Your objective ▸ Please print only the top portion of the entries below, ending with the line that contains "Read Detective Conan", exactly as written.

Stored items from a collection:
....................

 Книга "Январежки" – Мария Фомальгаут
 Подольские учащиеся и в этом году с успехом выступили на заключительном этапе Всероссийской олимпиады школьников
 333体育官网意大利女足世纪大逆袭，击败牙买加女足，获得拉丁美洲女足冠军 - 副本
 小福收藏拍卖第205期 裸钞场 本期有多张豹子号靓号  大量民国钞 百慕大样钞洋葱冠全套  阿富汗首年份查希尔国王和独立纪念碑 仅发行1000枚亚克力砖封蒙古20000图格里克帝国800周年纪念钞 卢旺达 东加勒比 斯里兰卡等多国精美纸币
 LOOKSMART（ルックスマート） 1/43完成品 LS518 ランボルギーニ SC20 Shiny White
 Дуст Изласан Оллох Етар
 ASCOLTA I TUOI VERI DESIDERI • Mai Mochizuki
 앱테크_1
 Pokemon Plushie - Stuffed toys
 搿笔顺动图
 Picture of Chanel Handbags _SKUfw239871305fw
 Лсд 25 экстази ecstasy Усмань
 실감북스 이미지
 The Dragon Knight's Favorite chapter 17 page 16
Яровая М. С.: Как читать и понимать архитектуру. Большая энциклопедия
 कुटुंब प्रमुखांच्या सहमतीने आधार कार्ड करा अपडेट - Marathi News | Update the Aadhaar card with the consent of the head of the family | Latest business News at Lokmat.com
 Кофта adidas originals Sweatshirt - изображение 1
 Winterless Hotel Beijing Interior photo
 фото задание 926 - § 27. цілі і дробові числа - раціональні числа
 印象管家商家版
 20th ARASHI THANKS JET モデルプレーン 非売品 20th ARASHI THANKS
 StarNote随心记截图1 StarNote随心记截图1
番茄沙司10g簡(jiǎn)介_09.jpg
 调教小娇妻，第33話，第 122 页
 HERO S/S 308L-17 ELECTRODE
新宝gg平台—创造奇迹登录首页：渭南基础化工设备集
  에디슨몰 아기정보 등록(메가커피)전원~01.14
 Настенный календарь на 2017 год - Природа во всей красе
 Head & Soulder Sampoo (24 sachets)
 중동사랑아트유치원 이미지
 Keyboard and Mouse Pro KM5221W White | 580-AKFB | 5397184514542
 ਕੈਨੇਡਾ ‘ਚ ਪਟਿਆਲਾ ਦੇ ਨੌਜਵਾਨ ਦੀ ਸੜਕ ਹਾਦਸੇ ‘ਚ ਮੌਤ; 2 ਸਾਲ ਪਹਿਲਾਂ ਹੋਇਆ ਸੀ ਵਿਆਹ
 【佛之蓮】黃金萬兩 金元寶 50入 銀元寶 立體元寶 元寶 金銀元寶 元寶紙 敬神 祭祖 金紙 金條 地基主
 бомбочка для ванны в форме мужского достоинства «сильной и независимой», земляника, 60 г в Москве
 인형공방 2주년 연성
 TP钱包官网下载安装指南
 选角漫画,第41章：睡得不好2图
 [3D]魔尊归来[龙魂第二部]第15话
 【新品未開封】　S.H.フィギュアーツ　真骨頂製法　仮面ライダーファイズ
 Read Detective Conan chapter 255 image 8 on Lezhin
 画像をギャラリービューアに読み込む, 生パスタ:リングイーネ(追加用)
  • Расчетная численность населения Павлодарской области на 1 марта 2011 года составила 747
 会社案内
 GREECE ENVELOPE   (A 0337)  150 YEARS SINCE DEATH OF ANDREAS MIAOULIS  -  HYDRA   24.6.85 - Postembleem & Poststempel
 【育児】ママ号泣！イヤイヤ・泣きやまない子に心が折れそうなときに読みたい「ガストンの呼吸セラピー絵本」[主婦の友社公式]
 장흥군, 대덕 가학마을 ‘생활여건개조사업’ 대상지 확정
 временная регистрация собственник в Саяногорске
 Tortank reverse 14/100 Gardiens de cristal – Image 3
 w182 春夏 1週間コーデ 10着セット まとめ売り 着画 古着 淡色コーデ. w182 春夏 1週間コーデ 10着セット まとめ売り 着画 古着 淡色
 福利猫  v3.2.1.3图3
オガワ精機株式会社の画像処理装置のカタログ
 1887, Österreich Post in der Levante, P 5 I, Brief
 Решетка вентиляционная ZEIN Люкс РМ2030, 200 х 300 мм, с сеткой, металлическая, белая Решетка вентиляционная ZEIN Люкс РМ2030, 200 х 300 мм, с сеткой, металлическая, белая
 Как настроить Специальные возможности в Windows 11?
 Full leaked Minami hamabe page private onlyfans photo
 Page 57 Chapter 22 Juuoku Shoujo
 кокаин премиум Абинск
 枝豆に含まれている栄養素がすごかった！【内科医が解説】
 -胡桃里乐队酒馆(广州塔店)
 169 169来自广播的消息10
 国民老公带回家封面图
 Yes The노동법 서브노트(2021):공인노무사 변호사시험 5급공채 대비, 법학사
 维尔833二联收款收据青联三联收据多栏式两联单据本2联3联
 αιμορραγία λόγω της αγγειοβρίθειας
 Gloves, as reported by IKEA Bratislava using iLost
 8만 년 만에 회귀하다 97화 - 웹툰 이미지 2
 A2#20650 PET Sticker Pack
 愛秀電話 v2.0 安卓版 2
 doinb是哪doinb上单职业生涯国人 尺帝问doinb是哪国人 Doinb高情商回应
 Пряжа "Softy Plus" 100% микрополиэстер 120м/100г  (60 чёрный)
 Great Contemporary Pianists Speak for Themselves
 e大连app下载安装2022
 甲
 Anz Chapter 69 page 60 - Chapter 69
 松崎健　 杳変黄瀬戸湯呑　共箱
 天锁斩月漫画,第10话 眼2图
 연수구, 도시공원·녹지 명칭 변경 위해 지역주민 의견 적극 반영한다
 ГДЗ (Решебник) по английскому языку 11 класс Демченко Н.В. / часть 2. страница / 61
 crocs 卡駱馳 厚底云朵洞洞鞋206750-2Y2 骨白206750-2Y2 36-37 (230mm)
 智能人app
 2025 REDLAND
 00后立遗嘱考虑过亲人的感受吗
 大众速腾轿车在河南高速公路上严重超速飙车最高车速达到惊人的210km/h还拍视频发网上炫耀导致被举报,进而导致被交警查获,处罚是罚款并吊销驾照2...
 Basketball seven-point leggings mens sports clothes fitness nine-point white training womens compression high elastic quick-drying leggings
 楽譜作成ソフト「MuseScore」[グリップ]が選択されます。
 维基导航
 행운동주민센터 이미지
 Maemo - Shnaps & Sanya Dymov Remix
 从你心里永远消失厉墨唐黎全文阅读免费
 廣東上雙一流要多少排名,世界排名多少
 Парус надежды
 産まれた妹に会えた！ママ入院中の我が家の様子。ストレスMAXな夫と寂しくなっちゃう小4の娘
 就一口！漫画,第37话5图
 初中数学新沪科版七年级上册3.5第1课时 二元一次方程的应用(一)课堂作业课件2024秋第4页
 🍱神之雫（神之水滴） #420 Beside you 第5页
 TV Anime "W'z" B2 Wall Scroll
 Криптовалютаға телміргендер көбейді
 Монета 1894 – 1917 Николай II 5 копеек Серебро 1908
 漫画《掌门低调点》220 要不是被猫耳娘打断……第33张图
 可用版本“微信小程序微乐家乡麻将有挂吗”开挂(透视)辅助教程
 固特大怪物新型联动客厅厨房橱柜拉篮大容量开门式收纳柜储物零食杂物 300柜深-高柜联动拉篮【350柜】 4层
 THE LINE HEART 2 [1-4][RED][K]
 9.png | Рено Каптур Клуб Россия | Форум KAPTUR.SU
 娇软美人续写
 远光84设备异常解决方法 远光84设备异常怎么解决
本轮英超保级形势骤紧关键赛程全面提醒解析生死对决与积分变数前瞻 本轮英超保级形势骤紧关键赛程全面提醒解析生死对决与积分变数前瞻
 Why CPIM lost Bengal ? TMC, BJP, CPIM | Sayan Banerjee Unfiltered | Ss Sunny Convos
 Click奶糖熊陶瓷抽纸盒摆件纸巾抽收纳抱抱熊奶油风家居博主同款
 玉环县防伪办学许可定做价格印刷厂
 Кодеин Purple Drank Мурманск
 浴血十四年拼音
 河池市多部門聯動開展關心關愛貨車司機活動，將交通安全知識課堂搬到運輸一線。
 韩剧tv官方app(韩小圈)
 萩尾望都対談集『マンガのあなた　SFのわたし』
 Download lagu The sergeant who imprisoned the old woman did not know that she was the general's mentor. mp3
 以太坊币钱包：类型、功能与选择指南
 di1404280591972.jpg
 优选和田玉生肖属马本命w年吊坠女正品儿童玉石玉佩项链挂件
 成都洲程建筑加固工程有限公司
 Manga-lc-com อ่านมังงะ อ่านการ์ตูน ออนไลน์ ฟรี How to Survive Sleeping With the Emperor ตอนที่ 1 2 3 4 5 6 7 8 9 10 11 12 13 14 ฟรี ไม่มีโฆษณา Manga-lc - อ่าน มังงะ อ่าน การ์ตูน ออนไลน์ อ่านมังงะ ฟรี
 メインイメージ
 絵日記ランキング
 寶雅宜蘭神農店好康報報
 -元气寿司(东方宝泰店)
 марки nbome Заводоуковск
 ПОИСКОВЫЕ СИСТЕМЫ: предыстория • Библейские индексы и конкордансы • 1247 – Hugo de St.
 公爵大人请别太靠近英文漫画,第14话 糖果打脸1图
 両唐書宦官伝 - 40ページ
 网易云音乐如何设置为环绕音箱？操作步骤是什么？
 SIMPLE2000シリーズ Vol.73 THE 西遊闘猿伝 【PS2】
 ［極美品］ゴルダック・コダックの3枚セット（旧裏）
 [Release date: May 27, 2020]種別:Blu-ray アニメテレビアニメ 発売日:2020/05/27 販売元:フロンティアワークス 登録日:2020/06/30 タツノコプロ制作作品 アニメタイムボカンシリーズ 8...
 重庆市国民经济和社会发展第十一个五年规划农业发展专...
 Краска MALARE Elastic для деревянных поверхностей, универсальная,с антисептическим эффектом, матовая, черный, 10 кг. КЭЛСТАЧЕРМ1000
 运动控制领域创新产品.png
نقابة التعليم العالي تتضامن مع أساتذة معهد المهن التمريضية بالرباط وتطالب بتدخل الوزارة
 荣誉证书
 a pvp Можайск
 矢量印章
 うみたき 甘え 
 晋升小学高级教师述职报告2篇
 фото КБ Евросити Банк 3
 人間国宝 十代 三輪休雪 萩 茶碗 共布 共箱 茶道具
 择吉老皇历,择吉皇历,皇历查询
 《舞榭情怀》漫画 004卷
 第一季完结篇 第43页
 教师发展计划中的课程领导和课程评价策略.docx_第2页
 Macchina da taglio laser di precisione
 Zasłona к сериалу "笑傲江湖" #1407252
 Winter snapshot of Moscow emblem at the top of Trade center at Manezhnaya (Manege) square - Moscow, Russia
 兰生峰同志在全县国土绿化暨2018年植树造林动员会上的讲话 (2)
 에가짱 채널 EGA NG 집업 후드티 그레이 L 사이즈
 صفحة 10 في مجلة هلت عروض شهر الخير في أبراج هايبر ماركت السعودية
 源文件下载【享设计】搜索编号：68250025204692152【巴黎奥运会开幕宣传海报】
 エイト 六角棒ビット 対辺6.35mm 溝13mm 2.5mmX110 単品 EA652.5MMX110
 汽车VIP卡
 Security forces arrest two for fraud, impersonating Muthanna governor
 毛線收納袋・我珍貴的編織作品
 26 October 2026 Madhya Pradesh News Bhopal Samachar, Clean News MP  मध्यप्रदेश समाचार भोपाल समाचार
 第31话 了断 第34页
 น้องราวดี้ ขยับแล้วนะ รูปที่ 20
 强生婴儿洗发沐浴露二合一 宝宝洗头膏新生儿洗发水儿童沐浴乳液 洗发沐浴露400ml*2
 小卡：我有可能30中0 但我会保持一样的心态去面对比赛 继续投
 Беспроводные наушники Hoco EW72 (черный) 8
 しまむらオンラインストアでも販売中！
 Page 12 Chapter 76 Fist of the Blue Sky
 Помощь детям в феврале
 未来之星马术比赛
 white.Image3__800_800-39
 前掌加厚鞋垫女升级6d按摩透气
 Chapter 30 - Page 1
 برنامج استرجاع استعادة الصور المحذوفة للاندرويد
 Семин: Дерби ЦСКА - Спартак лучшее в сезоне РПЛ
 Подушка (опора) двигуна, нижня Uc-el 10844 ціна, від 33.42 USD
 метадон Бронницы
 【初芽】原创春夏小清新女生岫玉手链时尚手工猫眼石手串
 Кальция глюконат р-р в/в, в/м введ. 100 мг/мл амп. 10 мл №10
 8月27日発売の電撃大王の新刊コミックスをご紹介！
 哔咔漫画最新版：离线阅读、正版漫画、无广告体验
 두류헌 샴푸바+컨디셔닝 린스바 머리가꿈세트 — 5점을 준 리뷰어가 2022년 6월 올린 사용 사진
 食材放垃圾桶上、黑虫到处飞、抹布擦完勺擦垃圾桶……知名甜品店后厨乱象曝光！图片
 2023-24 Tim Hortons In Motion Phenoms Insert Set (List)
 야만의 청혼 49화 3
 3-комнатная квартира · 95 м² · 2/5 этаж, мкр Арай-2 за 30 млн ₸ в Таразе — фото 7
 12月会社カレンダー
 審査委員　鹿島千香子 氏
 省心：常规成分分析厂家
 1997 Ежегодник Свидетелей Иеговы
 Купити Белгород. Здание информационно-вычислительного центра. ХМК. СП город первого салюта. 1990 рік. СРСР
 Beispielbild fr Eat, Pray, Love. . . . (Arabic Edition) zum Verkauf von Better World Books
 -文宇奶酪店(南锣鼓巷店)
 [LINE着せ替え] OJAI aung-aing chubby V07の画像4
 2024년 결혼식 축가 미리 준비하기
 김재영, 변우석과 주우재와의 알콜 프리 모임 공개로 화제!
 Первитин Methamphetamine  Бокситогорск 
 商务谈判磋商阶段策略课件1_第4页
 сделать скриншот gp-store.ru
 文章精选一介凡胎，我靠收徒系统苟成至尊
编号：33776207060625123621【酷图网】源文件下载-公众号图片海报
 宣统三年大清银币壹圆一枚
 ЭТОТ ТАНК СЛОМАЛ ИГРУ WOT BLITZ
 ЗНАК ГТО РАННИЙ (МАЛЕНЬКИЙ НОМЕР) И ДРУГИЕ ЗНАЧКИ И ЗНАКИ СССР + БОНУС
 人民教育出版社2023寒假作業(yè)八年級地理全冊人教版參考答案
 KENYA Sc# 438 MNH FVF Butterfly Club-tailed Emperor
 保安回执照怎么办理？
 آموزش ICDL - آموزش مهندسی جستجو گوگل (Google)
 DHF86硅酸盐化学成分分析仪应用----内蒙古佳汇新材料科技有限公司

....................

Answer to this problem ▸
 Книга "Январежки" – Мария Фомальгаут
 Подольские учащиеся и в этом году с успехом выступили на заключительном этапе Всероссийской олимпиады школьников
 333体育官网意大利女足世纪大逆袭，击败牙买加女足，获得拉丁美洲女足冠军 - 副本
 小福收藏拍卖第205期 裸钞场 本期有多张豹子号靓号  大量民国钞 百慕大样钞洋葱冠全套  阿富汗首年份查希尔国王和独立纪念碑 仅发行1000枚亚克力砖封蒙古20000图格里克帝国800周年纪念钞 卢旺达 东加勒比 斯里兰卡等多国精美纸币
 LOOKSMART（ルックスマート） 1/43完成品 LS518 ランボルギーニ SC20 Shiny White
 Дуст Изласан Оллох Етар
 ASCOLTA I TUOI VERI DESIDERI • Mai Mochizuki
 앱테크_1
 Pokemon Plushie - Stuffed toys
 搿笔顺动图
 Picture of Chanel Handbags _SKUfw239871305fw
 Лсд 25 экстази ecstasy Усмань
 실감북스 이미지
 The Dragon Knight's Favorite chapter 17 page 16
Яровая М. С.: Как читать и понимать архитектуру. Большая энциклопедия
 कुटुंब प्रमुखांच्या सहमतीने आधार कार्ड करा अपडेट - Marathi News | Update the Aadhaar card with the consent of the head of the family | Latest business News at Lokmat.com
 Кофта adidas originals Sweatshirt - изображение 1
 Winterless Hotel Beijing Interior photo
 фото задание 926 - § 27. цілі і дробові числа - раціональні числа
 印象管家商家版
 20th ARASHI THANKS JET モデルプレーン 非売品 20th ARASHI THANKS
 StarNote随心记截图1 StarNote随心记截图1
番茄沙司10g簡(jiǎn)介_09.jpg
 调教小娇妻，第33話，第 122 页
 HERO S/S 308L-17 ELECTRODE
新宝gg平台—创造奇迹登录首页：渭南基础化工设备集
  에디슨몰 아기정보 등록(메가커피)전원~01.14
 Настенный календарь на 2017 год - Природа во всей красе
 Head & Soulder Sampoo (24 sachets)
 중동사랑아트유치원 이미지
 Keyboard and Mouse Pro KM5221W White | 580-AKFB | 5397184514542
 ਕੈਨੇਡਾ ‘ਚ ਪਟਿਆਲਾ ਦੇ ਨੌਜਵਾਨ ਦੀ ਸੜਕ ਹਾਦਸੇ ‘ਚ ਮੌਤ; 2 ਸਾਲ ਪਹਿਲਾਂ ਹੋਇਆ ਸੀ ਵਿਆਹ
 【佛之蓮】黃金萬兩 金元寶 50入 銀元寶 立體元寶 元寶 金銀元寶 元寶紙 敬神 祭祖 金紙 金條 地基主
 бомбочка для ванны в форме мужского достоинства «сильной и независимой», земляника, 60 г в Москве
 인형공방 2주년 연성
 TP钱包官网下载安装指南
 选角漫画,第41章：睡得不好2图
 [3D]魔尊归来[龙魂第二部]第15话
 【新品未開封】　S.H.フィギュアーツ　真骨頂製法　仮面ライダーファイズ
 Read Detective Conan chapter 255 image 8 on Lezhin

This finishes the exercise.